Светлой памяти Марианны Викторовны Мусатовой, моего друга, дочери Виктора Эльпидифоровича Борисова-Мусатова и Елены Владимировны Александровой
Чем более приближались мы к новому рубежу веков, тем больше рос интерес к Мусатову. Но так было не всегда. В восприятии личности художника и его творческого мира были в ушедшем веке как бы три волны «мифологизации».
Первый, искренний и романтический миф он творил о себе сам, особенно в послепарижские годы исканий (1898–1901) — в своих письмах и дневниковых записях. И так уж вышло, что именно этот, в значительной мере им самим литературно «сконструированный» образ, позже утвердил однобокое представление о нем как о грустном отшельнике, «одиноком художнике».
Полусказочный образ больного «маленького человечка», над которым все смеялись, не зная, что за его спиной «сложены могучие крылья», которые он вдруг расправил «и улетел в лазурь», — встретит нас и в первой книге о Мусатове, написанной его другом и первым биографом В. К. Станюковичем (1906), и особенно — в совершенно искаженно трактующей облик художника книге лично его не знавшего Н. Н. Врангеля (1910).

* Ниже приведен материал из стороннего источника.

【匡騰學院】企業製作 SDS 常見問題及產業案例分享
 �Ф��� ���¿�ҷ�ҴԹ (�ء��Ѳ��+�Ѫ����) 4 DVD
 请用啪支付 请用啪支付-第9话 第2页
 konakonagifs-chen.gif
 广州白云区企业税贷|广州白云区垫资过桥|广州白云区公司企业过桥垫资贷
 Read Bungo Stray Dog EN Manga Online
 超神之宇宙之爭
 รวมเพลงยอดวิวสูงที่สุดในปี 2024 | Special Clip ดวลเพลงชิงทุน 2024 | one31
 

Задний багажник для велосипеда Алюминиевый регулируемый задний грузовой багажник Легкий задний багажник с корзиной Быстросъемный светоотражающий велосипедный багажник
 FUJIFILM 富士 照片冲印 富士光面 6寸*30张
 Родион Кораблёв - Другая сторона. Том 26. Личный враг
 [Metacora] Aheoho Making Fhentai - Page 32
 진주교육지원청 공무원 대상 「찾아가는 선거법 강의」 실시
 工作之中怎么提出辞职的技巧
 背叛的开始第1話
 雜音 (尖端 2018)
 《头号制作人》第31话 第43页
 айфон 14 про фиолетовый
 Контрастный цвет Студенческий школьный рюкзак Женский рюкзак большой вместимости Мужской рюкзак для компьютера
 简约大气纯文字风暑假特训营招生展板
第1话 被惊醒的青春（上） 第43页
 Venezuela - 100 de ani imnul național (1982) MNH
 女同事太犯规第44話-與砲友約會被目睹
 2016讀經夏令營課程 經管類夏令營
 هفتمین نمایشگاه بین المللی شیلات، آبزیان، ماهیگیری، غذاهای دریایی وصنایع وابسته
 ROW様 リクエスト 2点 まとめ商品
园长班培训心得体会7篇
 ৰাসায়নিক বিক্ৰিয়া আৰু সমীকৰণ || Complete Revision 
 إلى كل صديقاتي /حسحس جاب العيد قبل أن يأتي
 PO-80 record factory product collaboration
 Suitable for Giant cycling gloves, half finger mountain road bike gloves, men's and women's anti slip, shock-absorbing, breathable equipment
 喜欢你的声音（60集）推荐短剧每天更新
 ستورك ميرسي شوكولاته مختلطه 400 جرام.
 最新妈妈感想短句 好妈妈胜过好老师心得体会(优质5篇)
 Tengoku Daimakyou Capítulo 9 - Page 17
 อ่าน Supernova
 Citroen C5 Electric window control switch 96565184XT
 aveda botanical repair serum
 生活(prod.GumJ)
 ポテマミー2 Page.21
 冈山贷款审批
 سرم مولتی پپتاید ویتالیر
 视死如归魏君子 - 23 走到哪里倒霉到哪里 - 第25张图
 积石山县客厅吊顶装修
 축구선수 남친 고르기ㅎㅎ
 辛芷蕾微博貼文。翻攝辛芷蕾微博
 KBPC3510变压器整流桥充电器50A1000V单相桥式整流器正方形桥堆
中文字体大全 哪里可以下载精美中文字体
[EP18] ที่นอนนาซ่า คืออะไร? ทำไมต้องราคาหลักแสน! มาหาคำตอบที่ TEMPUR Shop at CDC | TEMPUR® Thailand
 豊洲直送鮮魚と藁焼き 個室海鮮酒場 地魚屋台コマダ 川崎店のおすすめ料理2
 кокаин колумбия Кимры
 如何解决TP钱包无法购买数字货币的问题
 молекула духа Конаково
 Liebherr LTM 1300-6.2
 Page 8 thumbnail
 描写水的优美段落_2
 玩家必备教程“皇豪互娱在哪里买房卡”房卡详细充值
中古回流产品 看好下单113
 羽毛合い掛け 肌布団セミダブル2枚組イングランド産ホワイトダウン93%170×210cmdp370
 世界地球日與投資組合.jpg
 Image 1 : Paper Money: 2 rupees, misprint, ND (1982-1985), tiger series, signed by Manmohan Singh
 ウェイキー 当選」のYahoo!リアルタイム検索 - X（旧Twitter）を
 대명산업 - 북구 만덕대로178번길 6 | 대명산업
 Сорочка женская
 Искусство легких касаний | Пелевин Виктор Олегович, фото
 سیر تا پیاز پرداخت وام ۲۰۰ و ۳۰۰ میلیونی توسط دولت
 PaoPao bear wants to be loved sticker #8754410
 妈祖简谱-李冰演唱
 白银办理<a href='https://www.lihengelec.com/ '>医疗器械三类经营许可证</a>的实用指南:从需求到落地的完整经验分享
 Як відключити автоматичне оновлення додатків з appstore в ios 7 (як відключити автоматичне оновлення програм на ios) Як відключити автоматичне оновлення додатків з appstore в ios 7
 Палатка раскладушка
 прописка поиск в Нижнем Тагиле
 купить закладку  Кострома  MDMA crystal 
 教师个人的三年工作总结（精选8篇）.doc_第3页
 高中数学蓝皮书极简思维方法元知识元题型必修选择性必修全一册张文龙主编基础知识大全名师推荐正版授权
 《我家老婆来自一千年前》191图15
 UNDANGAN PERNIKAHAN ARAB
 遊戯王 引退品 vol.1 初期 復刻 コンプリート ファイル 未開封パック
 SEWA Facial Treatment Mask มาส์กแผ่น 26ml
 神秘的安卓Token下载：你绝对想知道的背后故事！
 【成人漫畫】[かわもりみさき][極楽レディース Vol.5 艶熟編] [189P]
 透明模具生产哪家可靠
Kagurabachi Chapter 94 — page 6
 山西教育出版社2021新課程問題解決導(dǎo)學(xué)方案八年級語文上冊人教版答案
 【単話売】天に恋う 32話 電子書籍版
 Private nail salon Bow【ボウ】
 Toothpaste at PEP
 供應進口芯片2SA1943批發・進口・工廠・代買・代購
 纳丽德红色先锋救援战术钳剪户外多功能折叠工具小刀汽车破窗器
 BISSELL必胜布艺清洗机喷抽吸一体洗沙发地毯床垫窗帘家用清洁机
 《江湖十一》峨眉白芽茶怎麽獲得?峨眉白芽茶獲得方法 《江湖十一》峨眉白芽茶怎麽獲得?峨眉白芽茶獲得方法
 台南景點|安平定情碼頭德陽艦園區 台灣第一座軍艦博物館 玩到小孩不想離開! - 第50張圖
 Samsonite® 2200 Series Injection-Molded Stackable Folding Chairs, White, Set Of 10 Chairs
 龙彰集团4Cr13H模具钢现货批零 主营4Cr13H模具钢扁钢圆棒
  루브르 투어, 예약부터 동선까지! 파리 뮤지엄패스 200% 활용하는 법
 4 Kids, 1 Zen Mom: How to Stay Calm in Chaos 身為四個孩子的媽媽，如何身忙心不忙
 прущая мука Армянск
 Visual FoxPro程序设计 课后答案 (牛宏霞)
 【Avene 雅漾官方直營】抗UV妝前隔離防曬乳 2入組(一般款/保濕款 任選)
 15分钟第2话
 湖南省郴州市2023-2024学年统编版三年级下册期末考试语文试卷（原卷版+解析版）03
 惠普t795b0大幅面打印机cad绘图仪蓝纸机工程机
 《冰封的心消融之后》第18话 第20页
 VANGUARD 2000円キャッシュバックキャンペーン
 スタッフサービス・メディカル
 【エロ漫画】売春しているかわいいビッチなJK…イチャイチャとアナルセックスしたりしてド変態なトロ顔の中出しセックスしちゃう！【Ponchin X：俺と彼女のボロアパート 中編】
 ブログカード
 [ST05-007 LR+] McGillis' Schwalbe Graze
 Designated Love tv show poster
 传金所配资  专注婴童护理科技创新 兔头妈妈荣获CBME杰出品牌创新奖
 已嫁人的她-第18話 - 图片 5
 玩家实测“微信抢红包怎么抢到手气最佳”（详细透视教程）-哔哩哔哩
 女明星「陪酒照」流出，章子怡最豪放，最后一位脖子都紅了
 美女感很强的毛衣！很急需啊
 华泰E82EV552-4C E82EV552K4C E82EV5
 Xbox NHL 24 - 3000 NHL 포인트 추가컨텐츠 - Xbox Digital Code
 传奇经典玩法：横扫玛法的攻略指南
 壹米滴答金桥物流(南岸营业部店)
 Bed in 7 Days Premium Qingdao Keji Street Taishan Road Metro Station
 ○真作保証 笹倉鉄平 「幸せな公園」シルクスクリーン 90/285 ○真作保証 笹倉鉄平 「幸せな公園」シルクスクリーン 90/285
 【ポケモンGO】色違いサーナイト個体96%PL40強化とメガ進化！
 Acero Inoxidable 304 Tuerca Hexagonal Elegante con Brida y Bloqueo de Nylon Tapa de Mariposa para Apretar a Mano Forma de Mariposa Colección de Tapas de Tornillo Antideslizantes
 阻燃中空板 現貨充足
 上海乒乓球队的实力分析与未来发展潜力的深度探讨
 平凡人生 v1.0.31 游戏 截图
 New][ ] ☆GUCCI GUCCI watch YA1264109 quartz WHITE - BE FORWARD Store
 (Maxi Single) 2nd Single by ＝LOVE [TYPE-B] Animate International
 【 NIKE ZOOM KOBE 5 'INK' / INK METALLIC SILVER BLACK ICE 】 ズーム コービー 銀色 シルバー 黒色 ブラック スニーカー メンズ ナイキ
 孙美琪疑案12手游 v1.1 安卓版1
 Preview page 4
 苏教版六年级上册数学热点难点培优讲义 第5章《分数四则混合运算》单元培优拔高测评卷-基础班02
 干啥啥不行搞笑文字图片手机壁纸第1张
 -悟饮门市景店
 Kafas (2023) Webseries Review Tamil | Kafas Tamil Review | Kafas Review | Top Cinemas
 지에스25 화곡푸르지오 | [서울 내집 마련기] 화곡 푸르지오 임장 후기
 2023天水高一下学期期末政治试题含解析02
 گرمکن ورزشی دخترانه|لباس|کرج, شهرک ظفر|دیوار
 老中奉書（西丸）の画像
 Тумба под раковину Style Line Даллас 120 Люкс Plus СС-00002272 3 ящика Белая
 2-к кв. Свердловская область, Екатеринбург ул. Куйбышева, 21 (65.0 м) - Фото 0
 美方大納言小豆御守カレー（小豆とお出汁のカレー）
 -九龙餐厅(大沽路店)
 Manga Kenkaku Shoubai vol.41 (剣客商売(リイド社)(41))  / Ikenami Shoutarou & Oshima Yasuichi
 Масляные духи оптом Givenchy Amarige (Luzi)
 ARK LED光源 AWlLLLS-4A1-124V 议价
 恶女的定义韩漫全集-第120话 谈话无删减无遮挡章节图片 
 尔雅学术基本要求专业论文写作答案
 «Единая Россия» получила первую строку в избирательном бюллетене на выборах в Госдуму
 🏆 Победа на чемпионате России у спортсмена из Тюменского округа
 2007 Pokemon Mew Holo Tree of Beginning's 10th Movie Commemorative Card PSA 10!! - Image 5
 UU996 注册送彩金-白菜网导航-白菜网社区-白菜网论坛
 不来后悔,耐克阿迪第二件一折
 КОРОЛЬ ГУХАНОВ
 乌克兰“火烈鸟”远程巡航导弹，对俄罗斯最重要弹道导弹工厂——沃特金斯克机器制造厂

В 1910-е годы укрепился миф о Мусатове — «избраннике небес», создателе живописных грез, мистически уходящем в «лирический сумрак прошлого», оторванном от реальной, натурной основы вдохновения. Появление живописных подделок «под Мусатова», ставшего модным, сопровождалось невольным искажением его подлинного земного облика. Интересное биографическое исследование Я. Тугендхольда (первые главы напечатал журнал «Аполлон» в 1915 году) осталось незавершенным. Переработанная в 1920-е годы В. Станюковичем рукопись его старой книги — неизданной.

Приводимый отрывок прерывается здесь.